EXERCISE BRIEF: In the entries below, find the line with "NEW Papillon Spooky" and the line with "Calla Lilies und". Repeat exactly everything between them, those two lines included, but not the pictures.

DATA EXTRACTS:
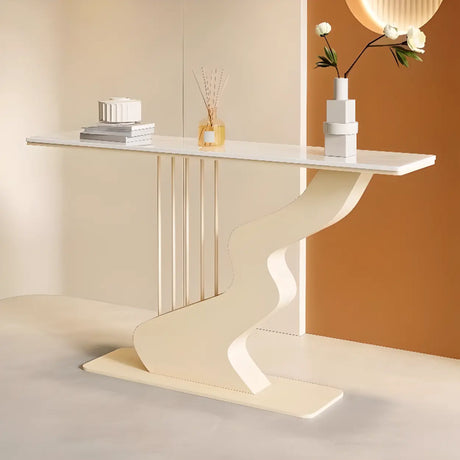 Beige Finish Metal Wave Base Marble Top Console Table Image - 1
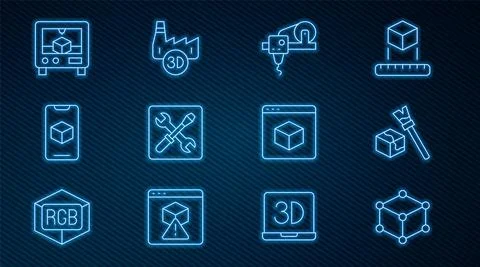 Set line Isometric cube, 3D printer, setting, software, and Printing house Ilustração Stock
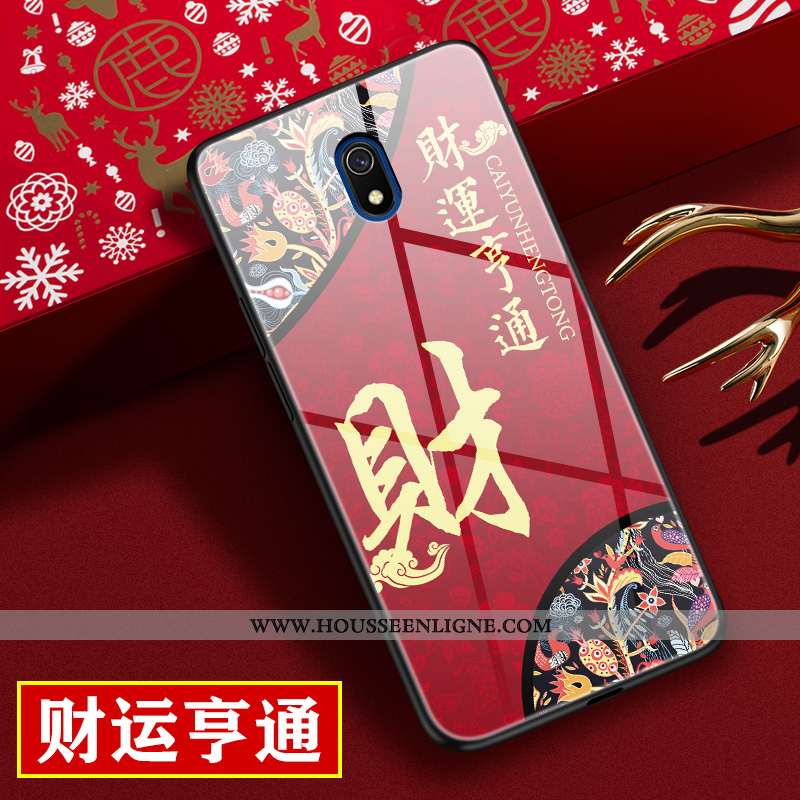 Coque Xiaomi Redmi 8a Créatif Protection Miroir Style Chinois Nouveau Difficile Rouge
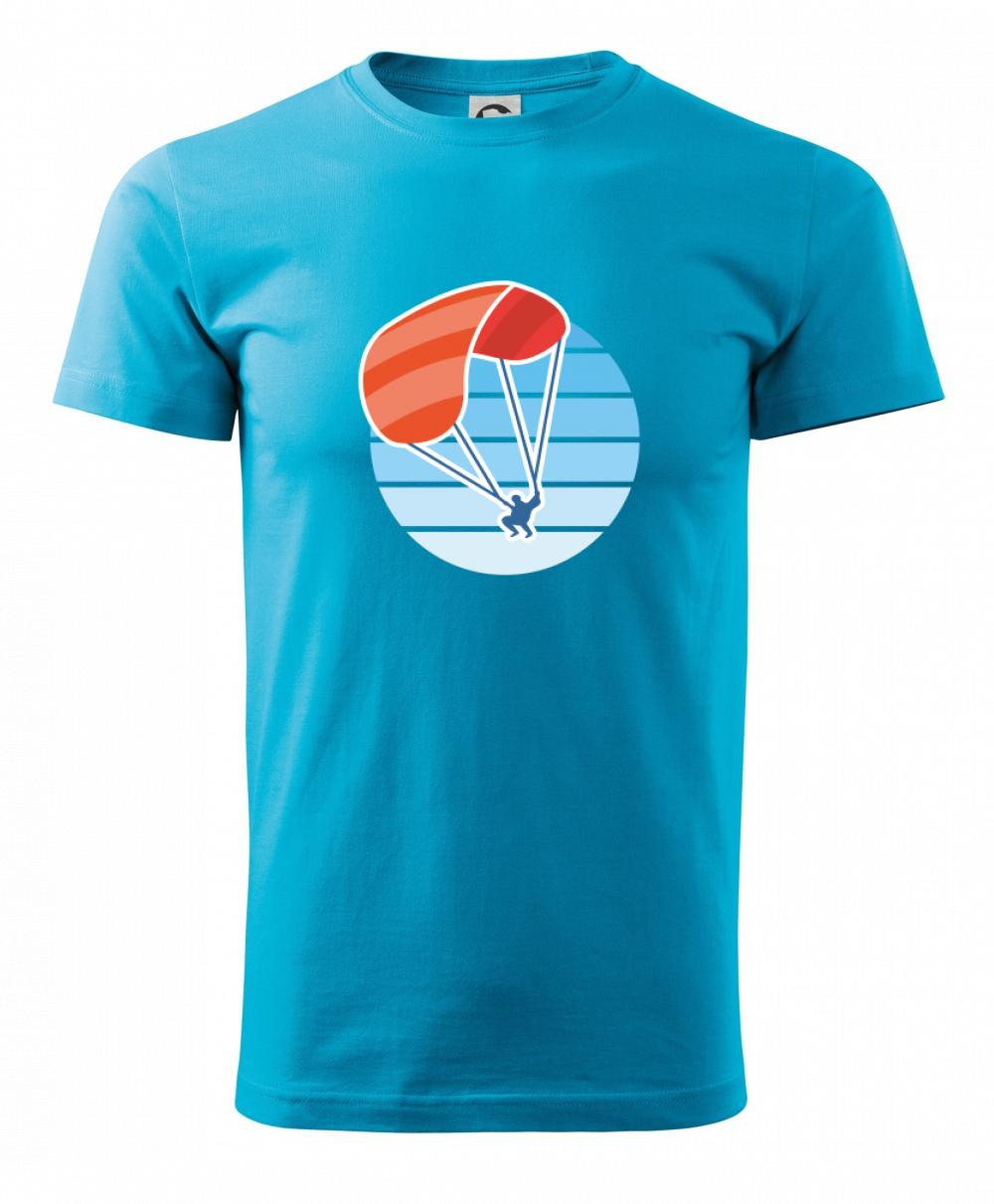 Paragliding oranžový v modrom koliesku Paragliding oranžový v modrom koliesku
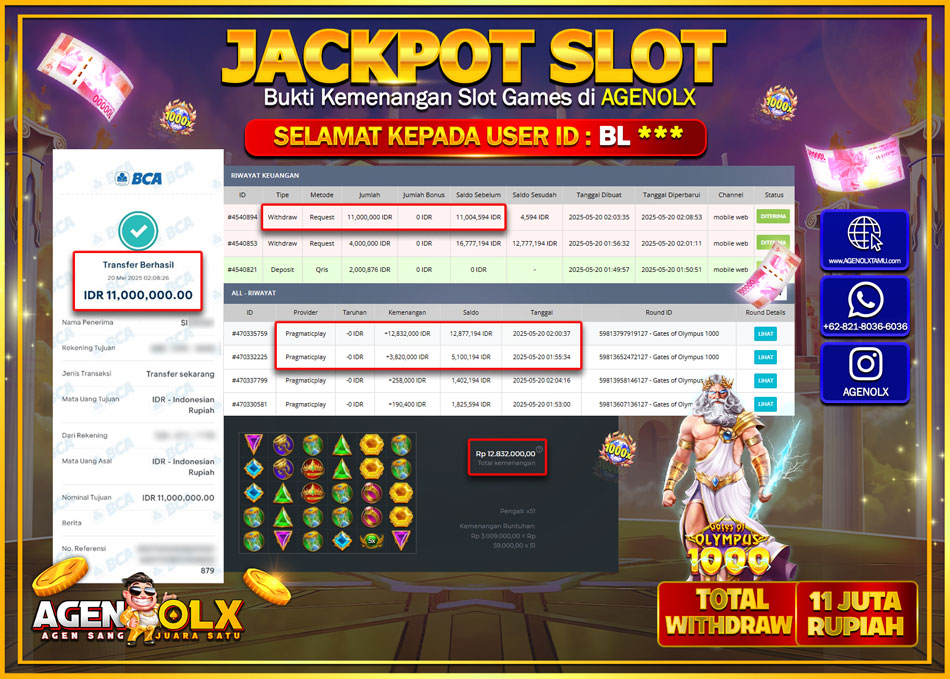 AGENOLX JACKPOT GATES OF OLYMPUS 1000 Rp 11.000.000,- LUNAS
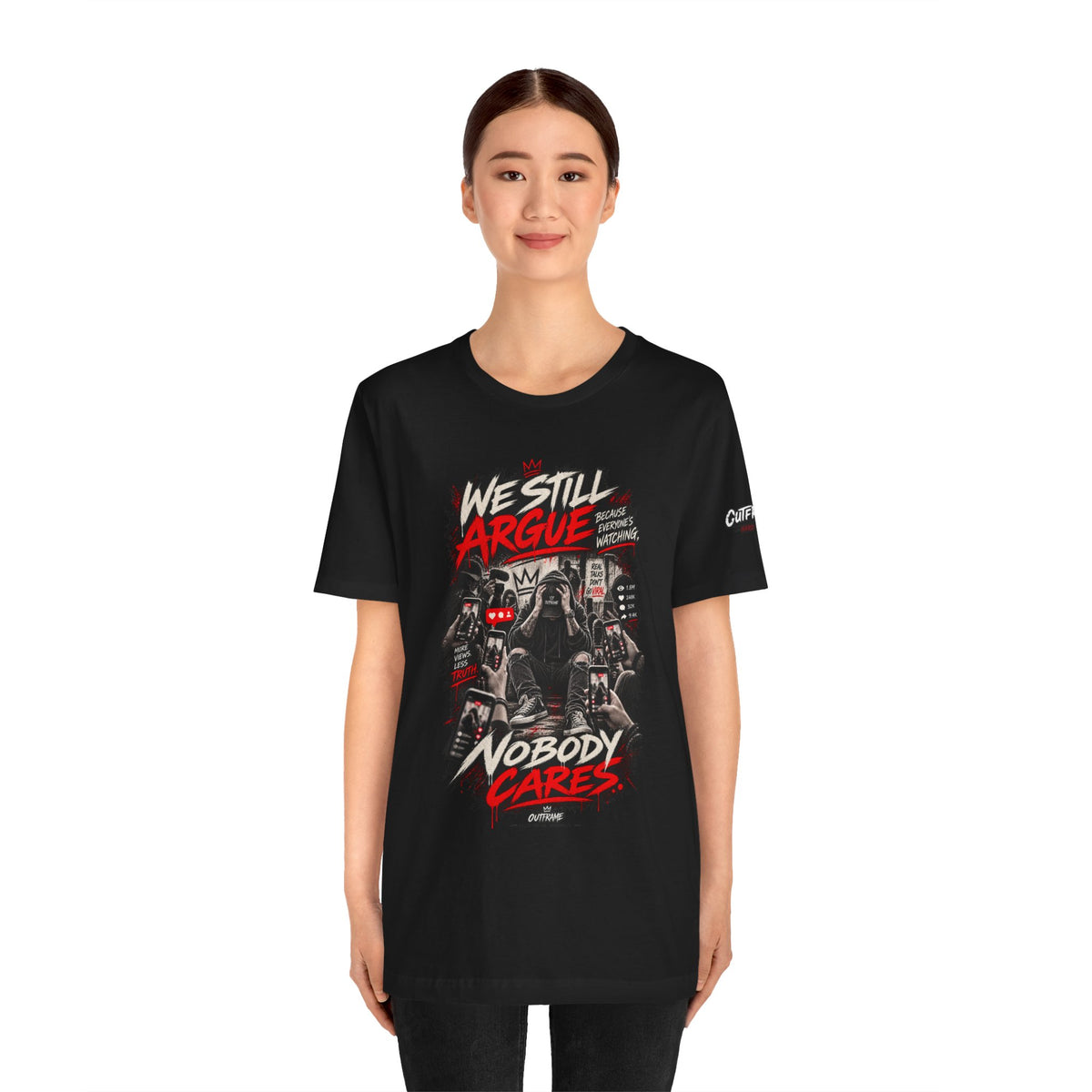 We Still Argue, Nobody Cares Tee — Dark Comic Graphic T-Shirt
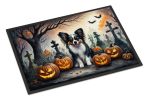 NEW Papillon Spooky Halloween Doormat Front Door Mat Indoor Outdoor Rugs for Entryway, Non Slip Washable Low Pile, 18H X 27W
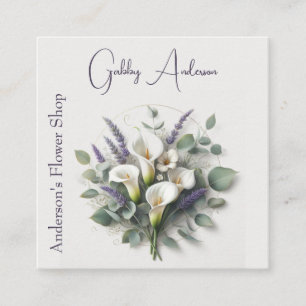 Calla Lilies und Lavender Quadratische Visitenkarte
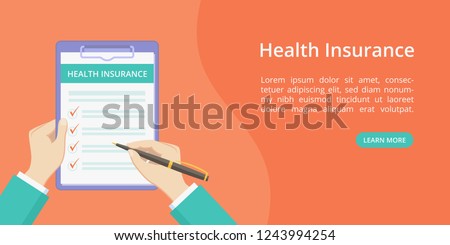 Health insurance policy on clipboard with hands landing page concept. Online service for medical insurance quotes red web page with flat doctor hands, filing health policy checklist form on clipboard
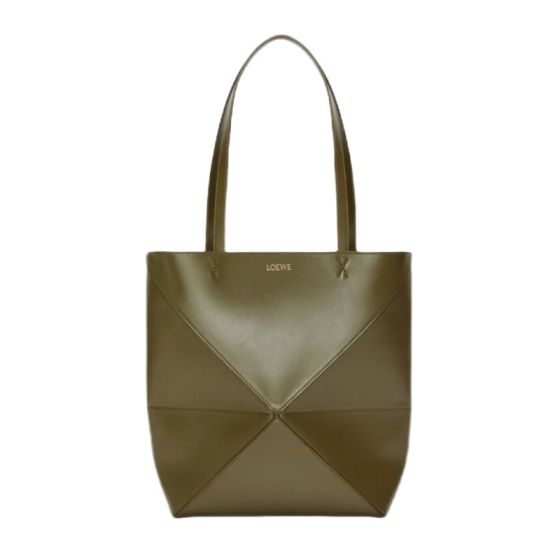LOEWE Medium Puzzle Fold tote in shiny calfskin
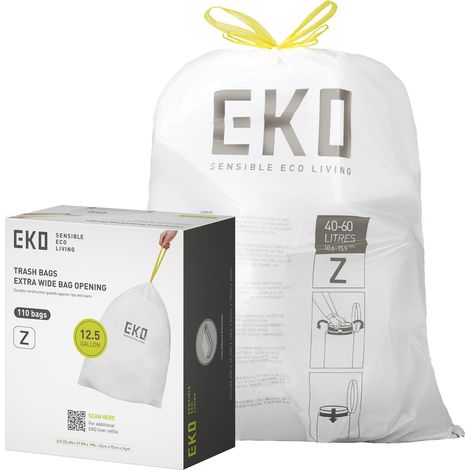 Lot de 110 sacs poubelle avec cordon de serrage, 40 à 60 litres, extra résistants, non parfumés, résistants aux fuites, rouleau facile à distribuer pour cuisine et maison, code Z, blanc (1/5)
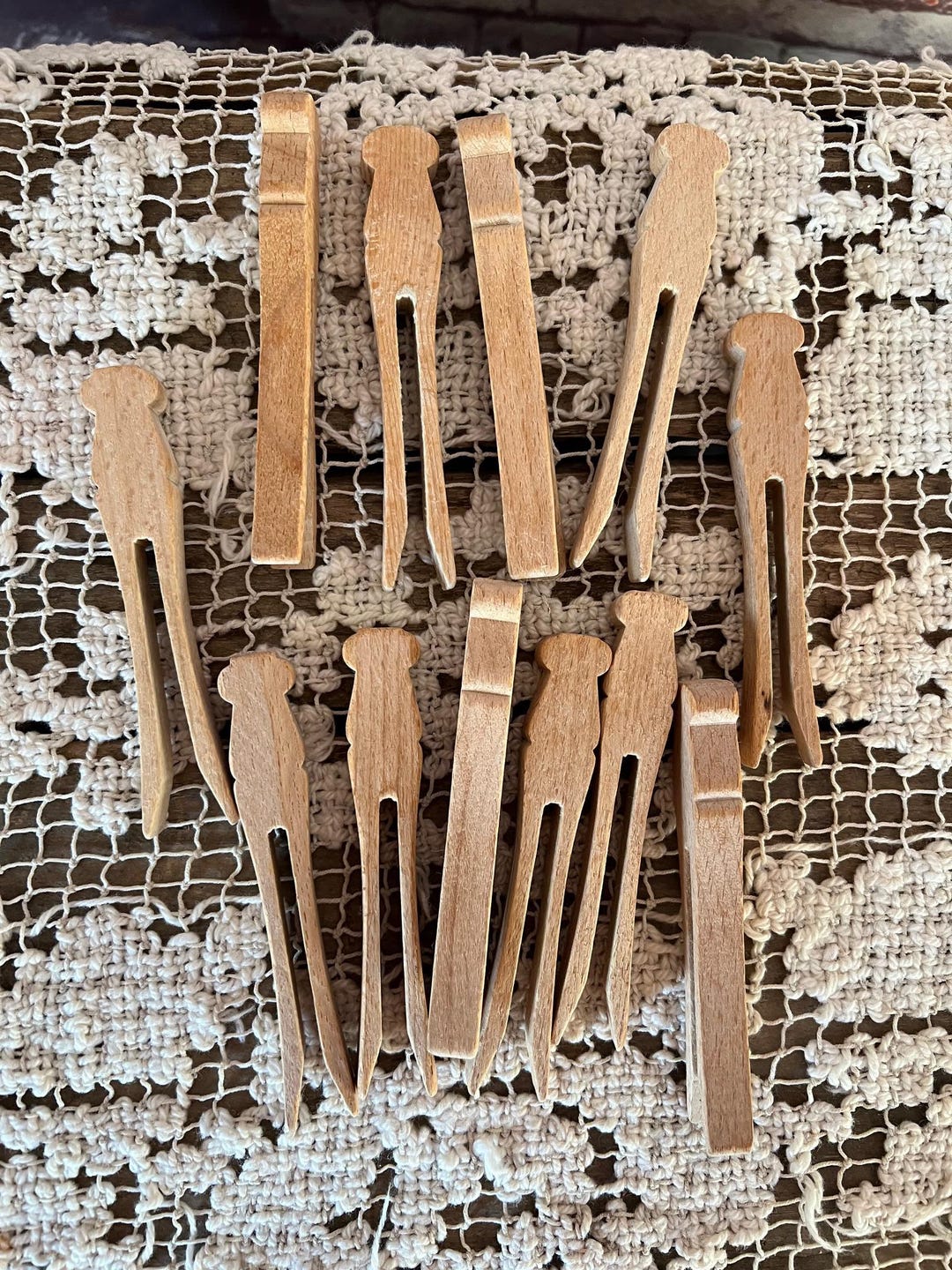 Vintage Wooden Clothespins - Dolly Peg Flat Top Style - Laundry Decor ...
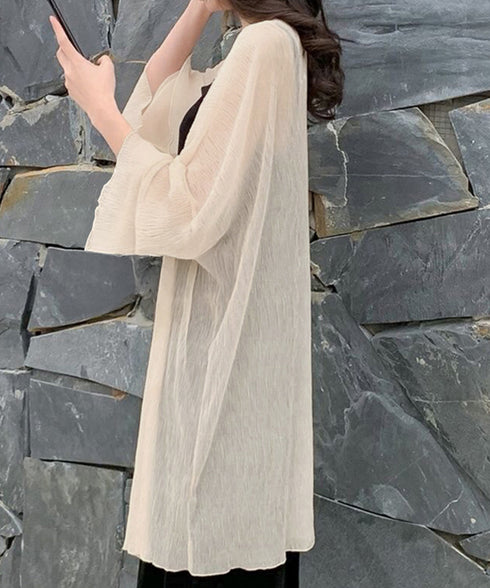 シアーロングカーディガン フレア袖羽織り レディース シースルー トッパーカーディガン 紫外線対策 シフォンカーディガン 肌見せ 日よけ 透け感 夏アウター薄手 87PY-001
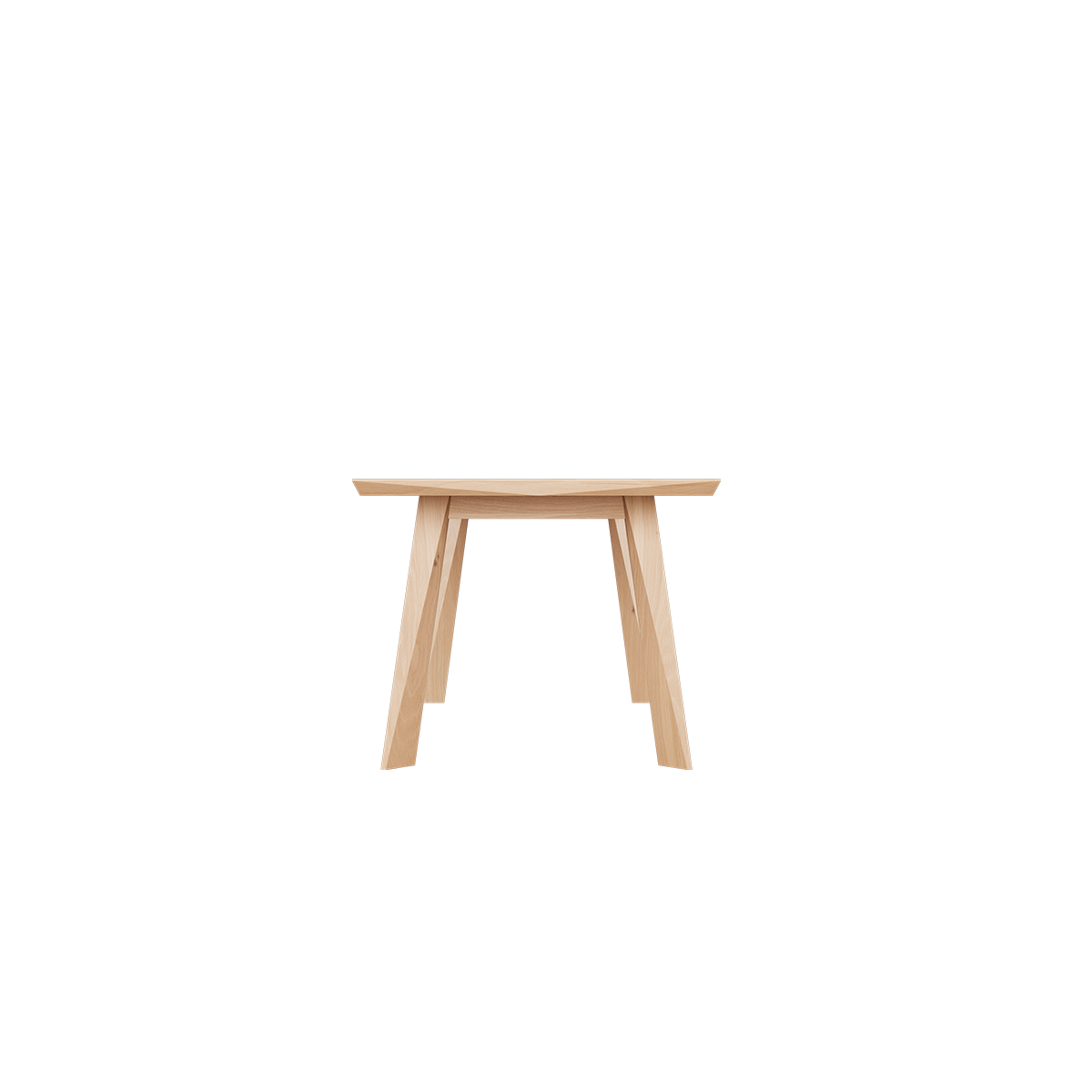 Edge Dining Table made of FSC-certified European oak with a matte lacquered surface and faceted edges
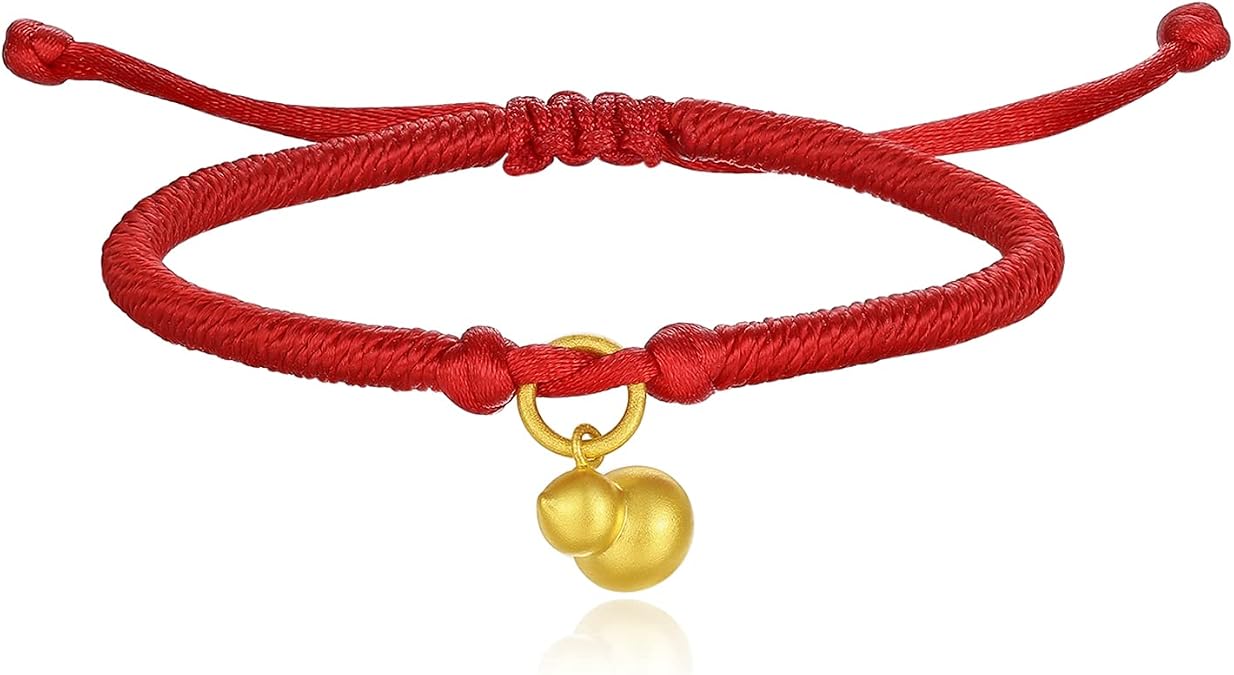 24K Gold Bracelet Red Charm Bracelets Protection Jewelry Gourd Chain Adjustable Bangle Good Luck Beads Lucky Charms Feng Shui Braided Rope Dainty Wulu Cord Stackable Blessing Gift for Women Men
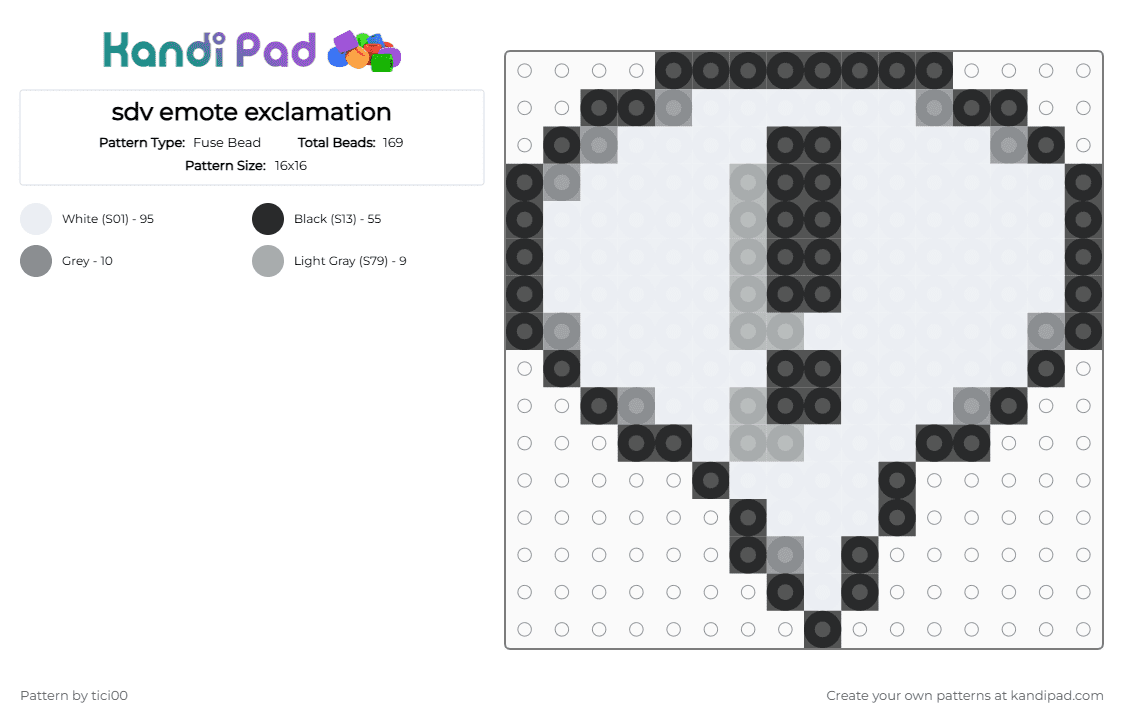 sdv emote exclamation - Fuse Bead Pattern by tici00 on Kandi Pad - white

WORKED SOLUTION:
 NEW Papillon Spooky Halloween Doormat Front Door Mat Indoor Outdoor Rugs for Entryway, Non Slip Washable Low Pile, 18H X 27W
 Calla Lilies und Lavender Quadratische Visitenkarte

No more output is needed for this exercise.